→ REQUIRED ACTION
Your task is to copy the lines from the line containing "4299 N 76th Ave, Davie, Florida 33024, Davie, Florida" through the end of the listing below, both included, without any pictures.

→ GIVEN DATA
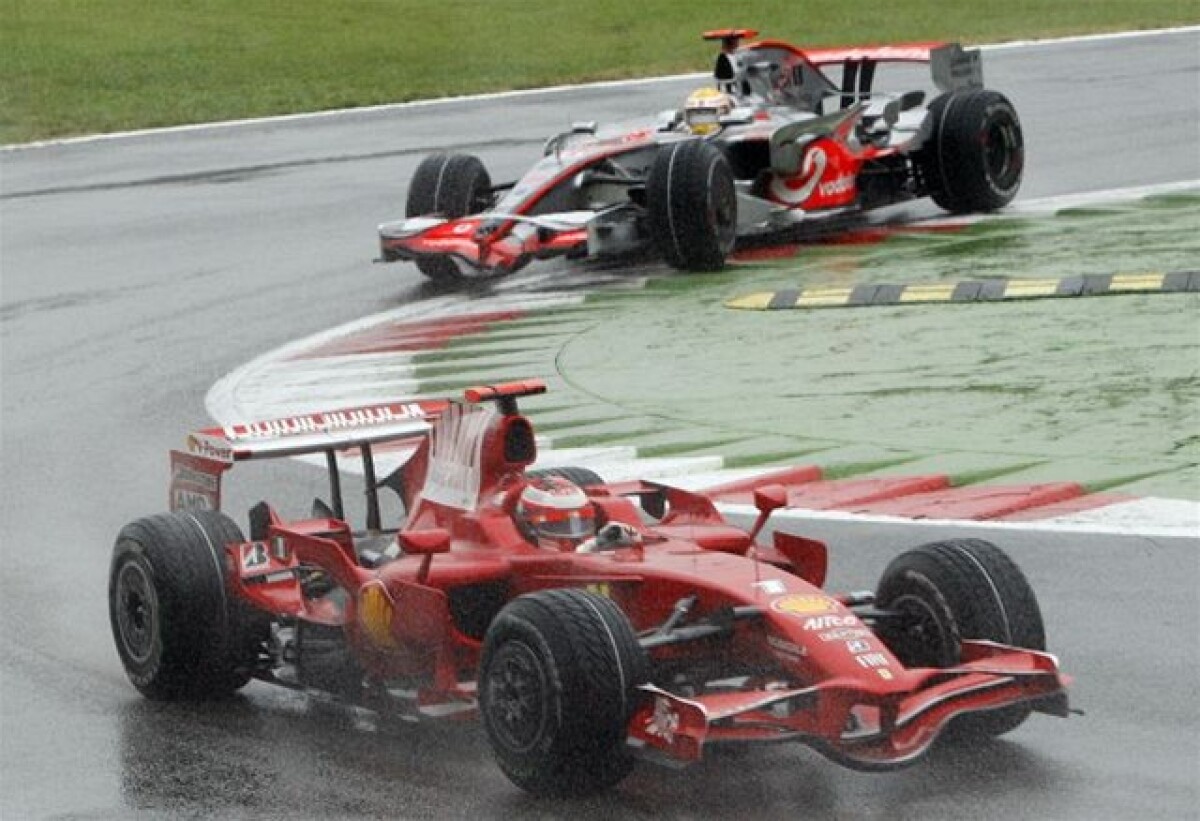 Kimi Räikkönen, Lewis Hamilton
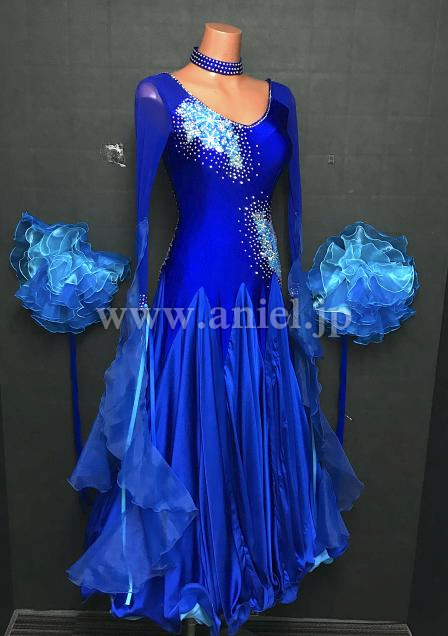 M9229・ロイヤルブルー※試着不可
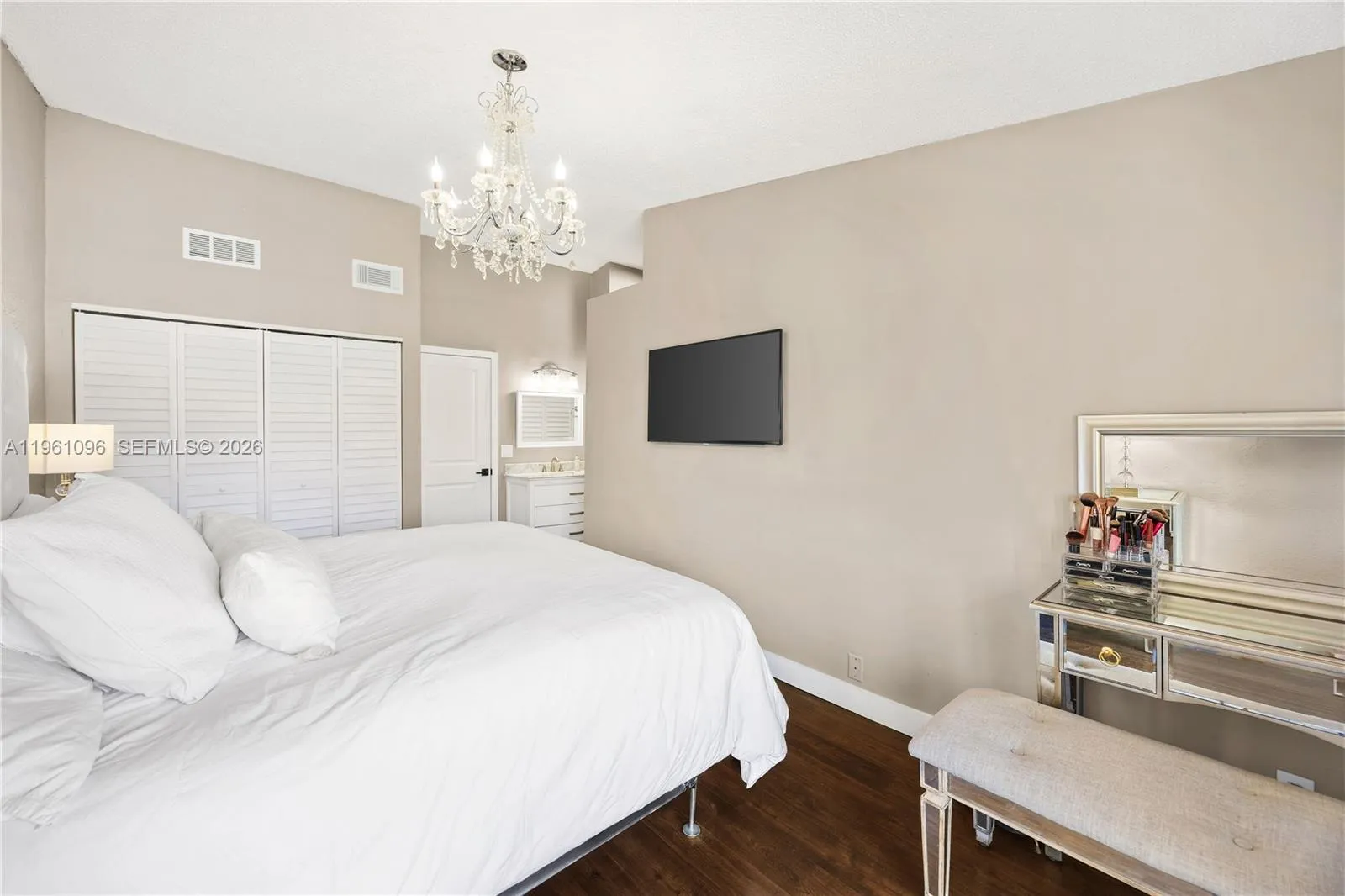 4299 N 76th Ave, Davie, Florida 33024, Davie, Florida 33024, 2 Bedrooms Bedrooms, 6 Rooms Rooms,2 BathroomsBathrooms,Residential,For Sale,4299 N 76th Ave, Davie, Florida 33024,A11961096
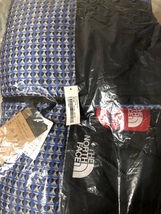 新品未開封 Supreme The North Face Studded Nuptse Jacket Royal 21SS 青 BLUE ノースフェイス スタッズ ヌプシ ジャケット_画像2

→ TASK SOLUTION
 4299 N 76th Ave, Davie, Florida 33024, Davie, Florida 33024, 2 Bedrooms Bedrooms, 6 Rooms Rooms,2 BathroomsBathrooms,Residential,For Sale,4299 N 76th Ave, Davie, Florida 33024,A11961096
 新品未開封 Supreme The North Face Studded Nuptse Jacket Royal 21SS 青 BLUE ノースフェイス スタッズ ヌプシ ジャケット_画像2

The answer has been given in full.